= Philharmonia Hungarica =

German symphony orchestra

The Philharmonia Hungarica was a symphony orchestra, based in Marl, Germany, which existed from 1956 to 2001.

==History==
The Philharmonia Hungarica was first established in Baden bei Wien near Vienna by Hungarian musicians who had fled their homeland after it was invaded by Soviet troops. This refugee ensemble gathered together some of Hungary's finest musical talent and was directed by Zoltán Rozsnyai, former conductor of the Hungarian National Philharmonic. After two years it moved to Marl with funding from the North Rhine-Westphalia government. Through the efforts of Rozsnyai and honorary president Antal Doráti, the Philharmonia Hungarica quickly matured into one of Europe's most distinguished orchestras.

Soon after its foundation Doráti recorded two Bartók LPs, Respighi, two Haydn symphonies, Tchaikovsky and Arensky on the Mercury label. An abridged Orphée aux Enfers (in German) with Adolf Dallapozza and Anneliese Rothenberger, conducted by Willy Mattes, and a Wiener Blut with Rothenberger, Nicolai Gedda and Renate Holm conducted by Willi Boskovsky were also set down. During the 1970s, Doráti and the orchestra, under contract with Decca Records, made a recording of the complete Joseph Haydn symphonies; only two other ensembles, the Austro-Hungarian Haydn Orchestra, conducted by Ádám Fischer, and the Stuttgart Chamber Orchestra, conducted by Dennis Russell Davies have since repeated this feat. Doráti's recording was widely reported as the first, although Ernst Märzendorfer had earlier recorded the complete Haydn symphonies with the Vienna Chamber Orchestra, although it was given a very limited release. Again using the St. Bonifatius Kirche as the recording venue, Doráti and the orchestra also recorded Kodály's orchestral music in 1973.
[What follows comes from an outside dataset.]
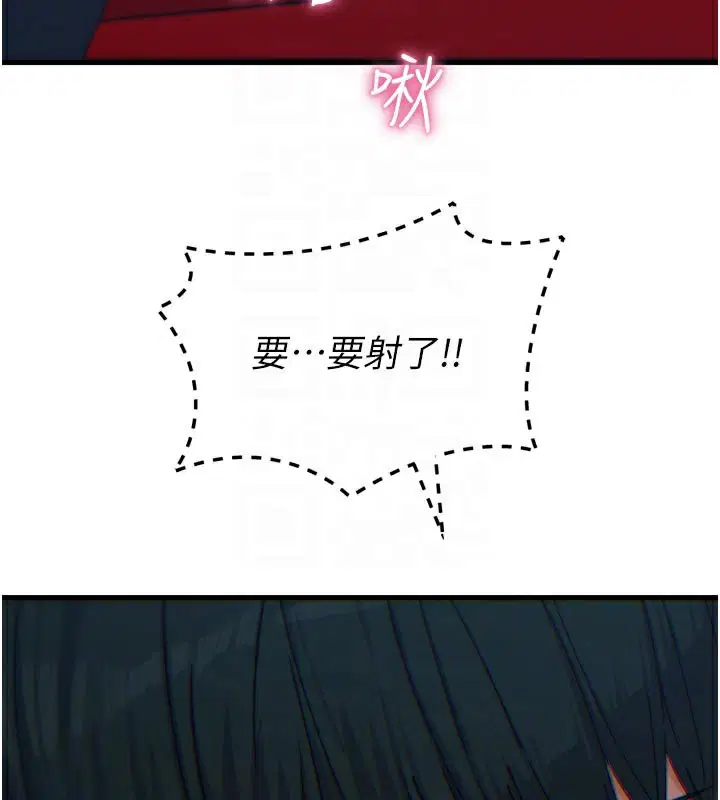第77話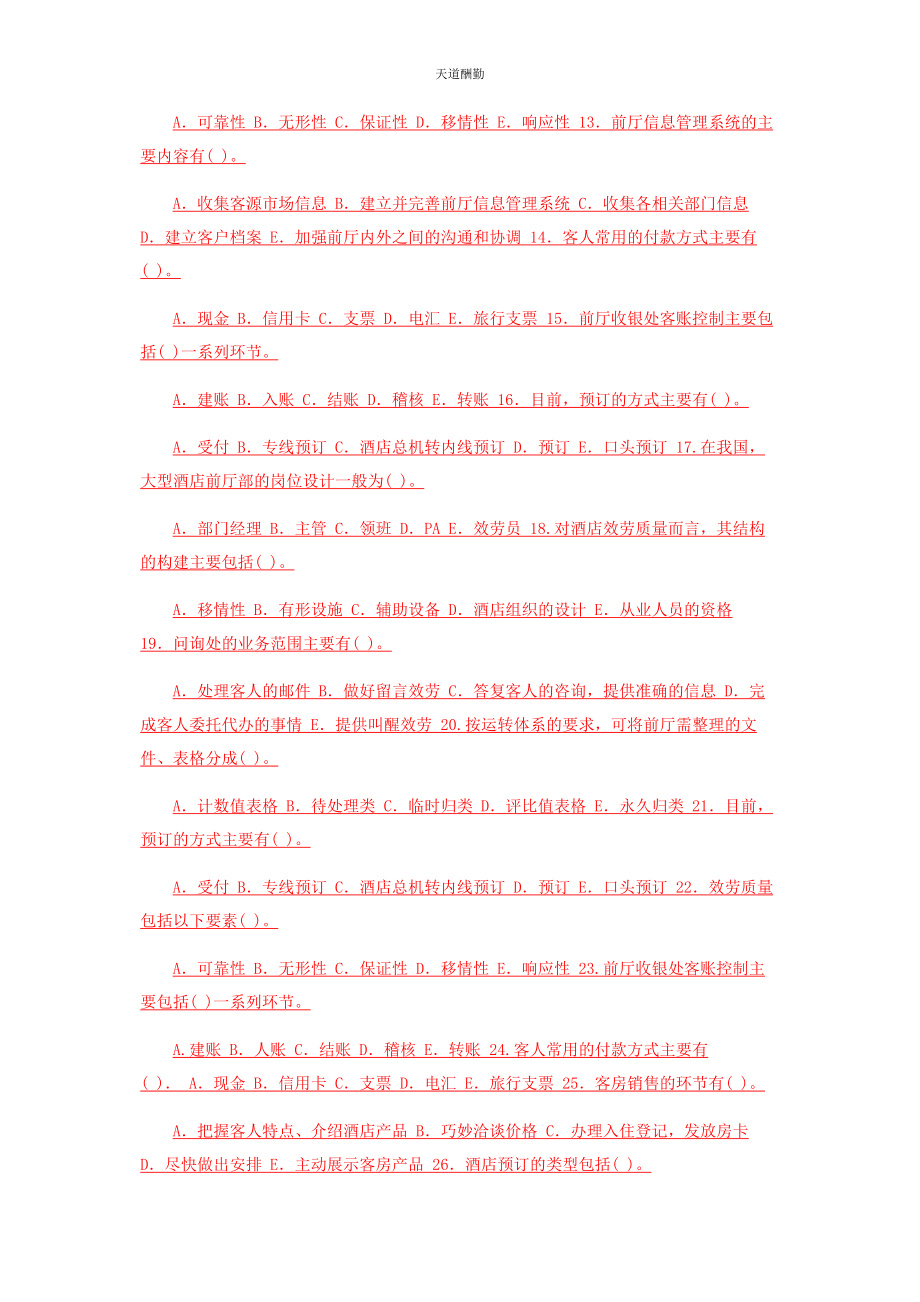 2023年国家开放大学电大专科《酒店前厅服务与管理》多项选择题题库及答案2470范文.docx_第2页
The orchestra made several concert tours, within Europe and in North America and appearing at music festivals. Premieres given by the orchestra included Hunyadi László (1982) by von Einem for the orchestra's 25th anniversary, Clarinet Concerto (1986) by Giselher Klebe, and the Piano Concerto (1992) by Krzysztof Meyer. In 1976 the Philharmonia Hungarica recorded Jon Lord's critically acclaimed 'Sarabande' album, an original collection of movements inspired by the baroque dance suites.

From the orchestra's inception, the West German government sought to harness its anti-Soviet propaganda potential. As a result, the government generously funded the orchestra throughout the Cold War and continued subsidies after the Iron Curtain fell in 1990. The withdrawal of state subsidies at the start of 2001, combined with the long-term decline in concert attendances, aggravated the financial problems that threatened the orchestra's survival.

After Rozsnyai, the chief conductors were Miltiades Caridis (1960–67), Alois Springer (1968–74), Reinhard Peters (1975–79), Uri Segal (1979–85), Gilbert Varga (1985–91) and finally George Alexander Albrecht.

The beleaguered Philharmonia Hungarica finally disbanded after giving a farewell concert in Düsseldorf on 22 April 2001, featuring a performance of Anton Bruckner's Symphony No. 9 including the finale (Ed. Nicola Samale, John A. Phillips, Benjamin-Gunnar Cohrs and Giuseppe Mazzuca) conducted by Robert Bachmann, as well as the first German performance of the finale fragment, edited by John A. Phillips, conducted and presented by Cohrs. The concert was attended by an estimated audience of 150 in a concert hall meant to hold 2000 (Tonhalle Düsseldorf), after members of the German Orchestral Union had falsely announced in public that the concert would be cancelled. Plans to rescue the orchestra failed, because there was no political interest any longer to keep it alive.